Article published in the Sunday Express, 23 August 2015. © Richard Kemp
JEREMY Corbyn thinks the betrayal of our Armed Forces is a price worth paying to persuade the Labour Party’s disaffected anti-war activists to support his leadership bid.
That is what his proposed apology for the British involvement in the Iraq war would amount to: a betrayal of the 197 British troops killed, the hundreds wounded and the thousands who bravely fought for their country in Iraq. He would not only be telling those troops and their families their sacrifice was for nothing but also their actions were illegal, immoral and dishonourable.
Of course the war remains deeply controversial but Mr Corbyn’s unsubstantiated, rabblerousing declaration that it was illegal does not make it so and Britain’s involvement was not, as he alleges, based on deception.
I was working for the Joint Intelligence Committee at the time of the invasion.
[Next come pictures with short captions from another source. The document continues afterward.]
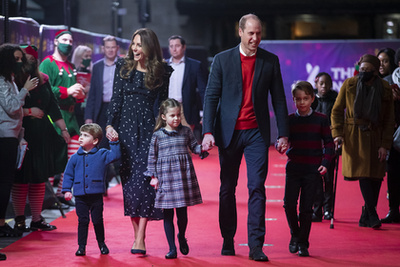 Vilmos herceg , Katalin hercegné a gyerekekkel György herceggel, Sarolta hercegnővel és Lajos herceggel 2020. december 11-én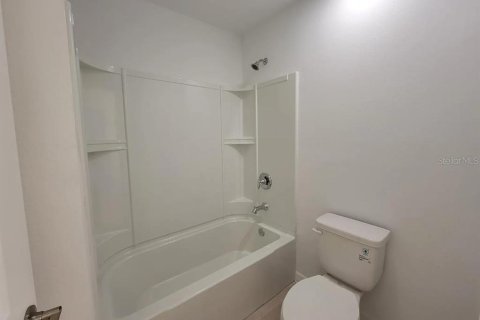Casa en venta en Kissimmee, Florida, 5 dormitorios, 210.98 m2 № 2136005 - foto 6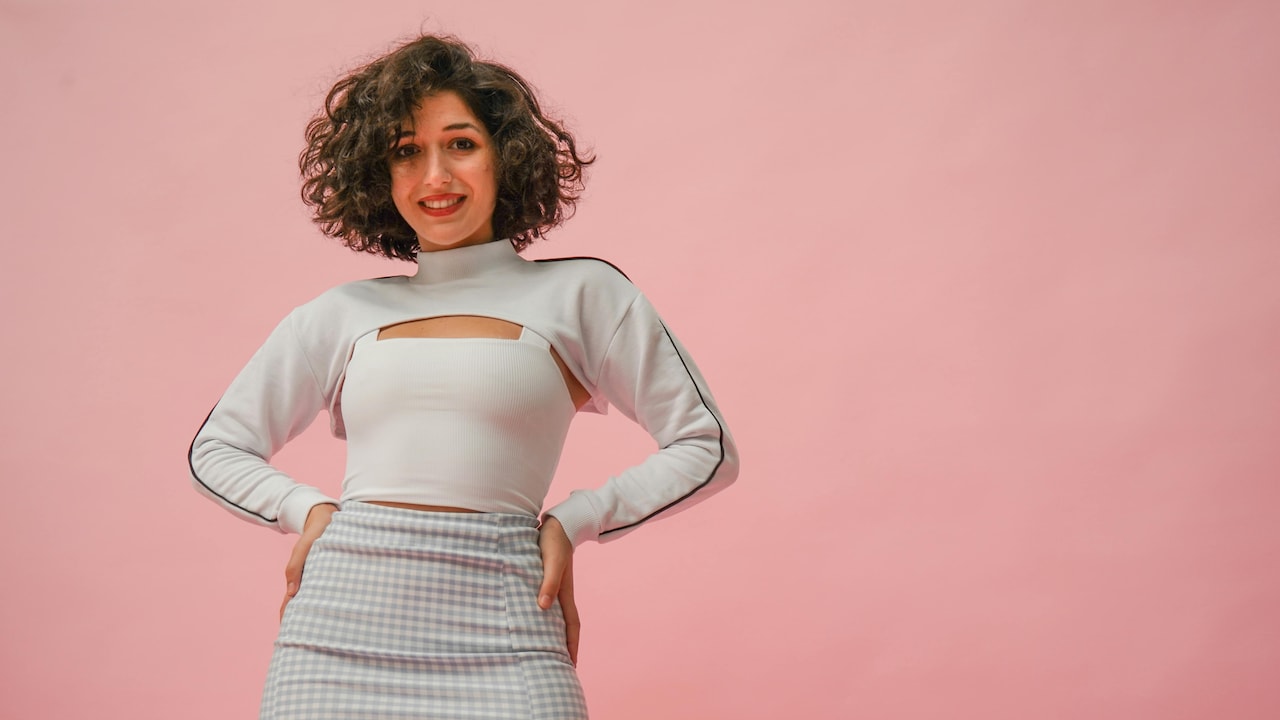 Create simple winter looks with jeans, skirts and warm pants that goes well with ribbed tops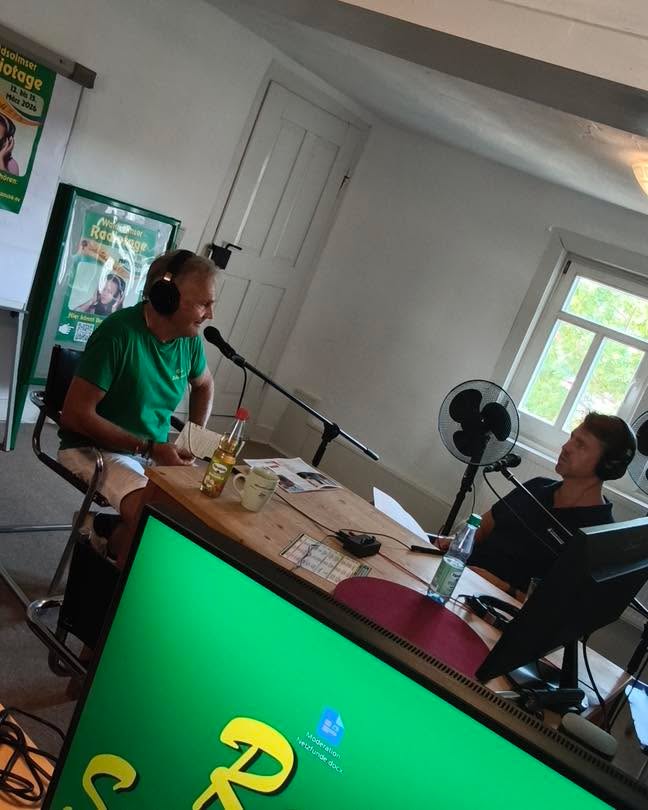 +++ R A D I O +++
Am vergangenen Samstag war unser stellvertretender Wehrführer zu Gast im Schwetzstubb - das Waldsolmser Radioprojekt
Und geschwetzt hat er eine Stunde mit Michael Hamp über das Jubiläum der Feuerwehr, die 100-jährige Geschichte und über die Feuerwehr im Allgemeinen.
Demnächst könnt ihr das Gespräch auf Spotify nachhören. Wir sagen euch Bescheid, wenn es soweit ist.
#waldsolms112 #WirfürWaldsolms #freiwilligefeuerwehr #gemeinsamstark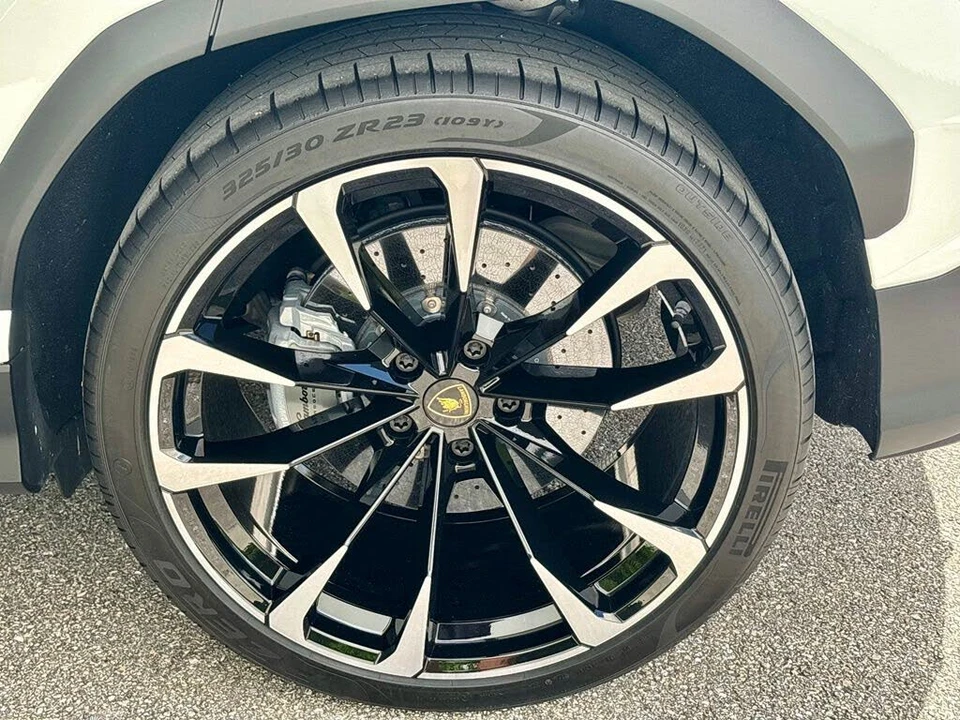 2024 Lamborghini Urus S - Image 16 of 31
I was not directly involved in the decision making or in the production of the weapons of mass destruction dossier but was aware of the war planning at the top level.
There was an absolute belief among the political and military decision-makers, based on intelligence, that the Iraqi government possessed chemical weapons.
Saddam Hussein’s long-term sponsorship of international terrorism, his regime’s associations with Al Qaeda and his hatred of the West meant the risk that he might transfer chemical weapons to Islamist extremists or use them himself simply could not be taken.